US payrolls fall short of forecast
Publication date: 9 July 2012
Author: Mark Deans, Moneycorp
The Western media are traditionally indifferent to the human rights violations that take place as a matter of course in North Korea. They were up in arms, however, about a concert attended by Kim Jong-un on Friday, held to mark the centenary of his grandfather, Kim I-sung. Their outrage was sparked by the appearance on stage of Mickey Mouse, Dumbo and other assorted cartoon characters, in a monstrous breach of copyright legislation. The idea of putting an autocrat in front of a bunch of Disney characters was apparently inspired by Wednesday’s Treasury Select Committee hearing.
The committee meets again this afternoon to interview Bank of England Deputy Governor Paul Tucker. With a bit of luck its members will have learnt from their errors last week and will not ask Mr Tucker 13 times whether he has stopped beating his wife. As was the case with the committee’s previous outing, there are no economic data on the agenda to interfere with investors’ enjoyment of the spectacle.
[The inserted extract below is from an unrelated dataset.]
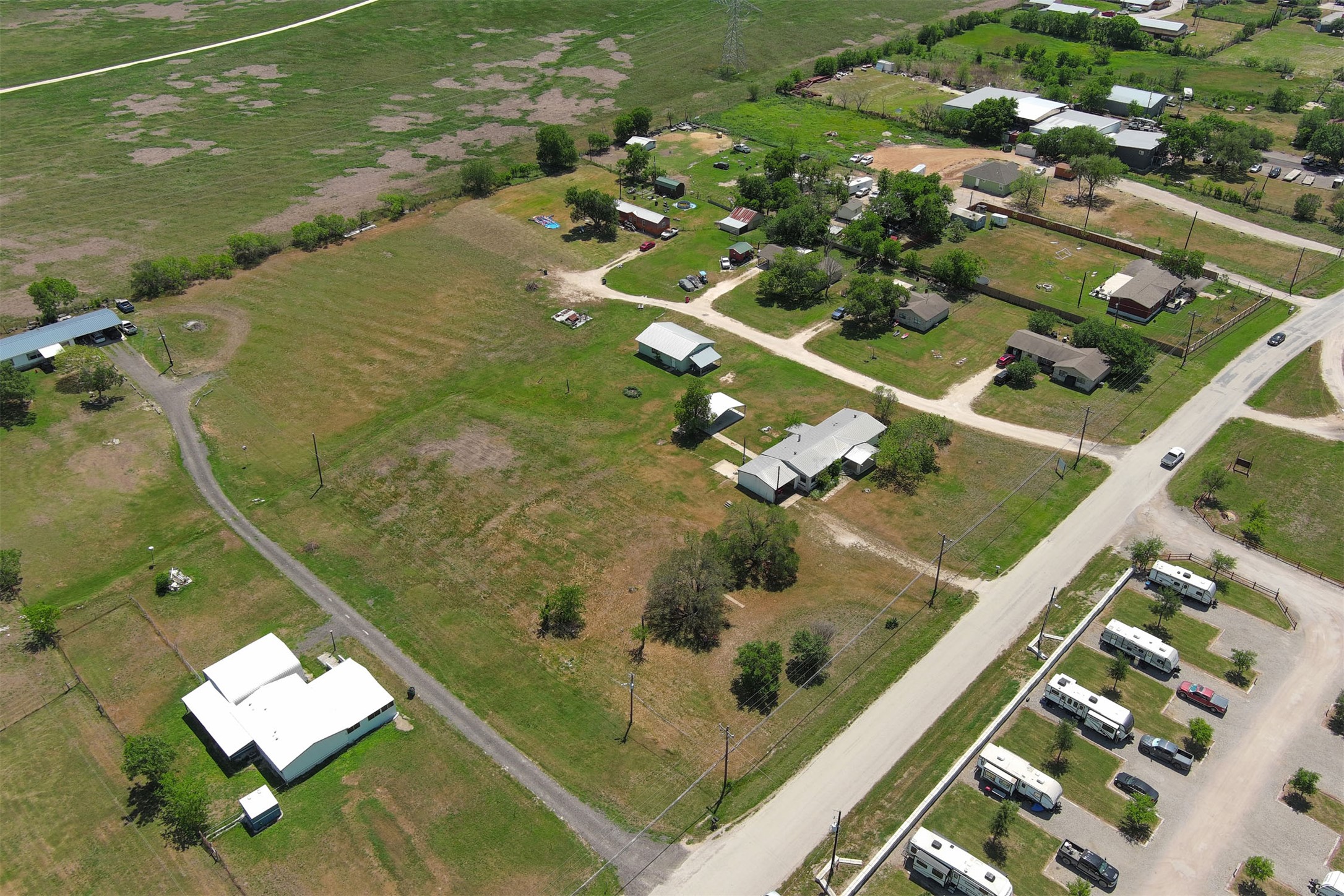 main property photo 13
It would have been a different matter had the interrogation taken place on Friday afternoon. Investors would have had little alternative but to focus on the US Employment report and the world’s most important monthly statistic: the change in US non-farm payrolls. Analysts had predicted an increase of between 90k and 100k. The actual number turned out to be 80k and investors felt obliged to be disappointed.
In the case of almost any other currency that disappointment would have translated into selling pressure. Indeed, the US dollar did indeed fall by half a yen, but just about everywhere else it moved ahead. (Weak payrolls number = weak US recovery = weak global economy = investor nervousness = demand for safe-haven currencies.)
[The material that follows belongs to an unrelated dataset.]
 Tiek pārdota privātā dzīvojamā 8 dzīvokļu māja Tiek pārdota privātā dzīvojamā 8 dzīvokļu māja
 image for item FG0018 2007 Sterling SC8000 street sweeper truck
By close of play the euro was down by one US cent and one yen. Sterling was lower too, but only by a third of a US cent and half a yen. It is up by half a euro cent from Friday’s opening level. The commodity dollars all took a knock from the US payrolls number. Against sterling the Canadian dollar is quarter of a cent lower, the Aussie is down by three quarters of a cent and the Kiwi has lost more than a cent.
Today’s statistics rank well below non-farm payrolls in their importance. Japanese machinery orders fell by -14.8% in May and are up by just 1% on the year. Chinese inflation slowed to 2.2% in June. Swiss unemployment remained steady at 2.7% and Germany’s monthly trade surplus narrowed slightly to €15bn. Yet to come are Greek inflation and the Sentix index of Euroland investor confidence. Tonight brings New Zealand business confidence, Australian business confidence, the RICS UK housing price balance and China’s trade surplus.
On Friday almost nothing happened until the US employment report got things going. No item on today’s agenda has anything like the same potential so it could be a quiet one. Don’t forget to watch the deputy governor on TV at half past four (London time).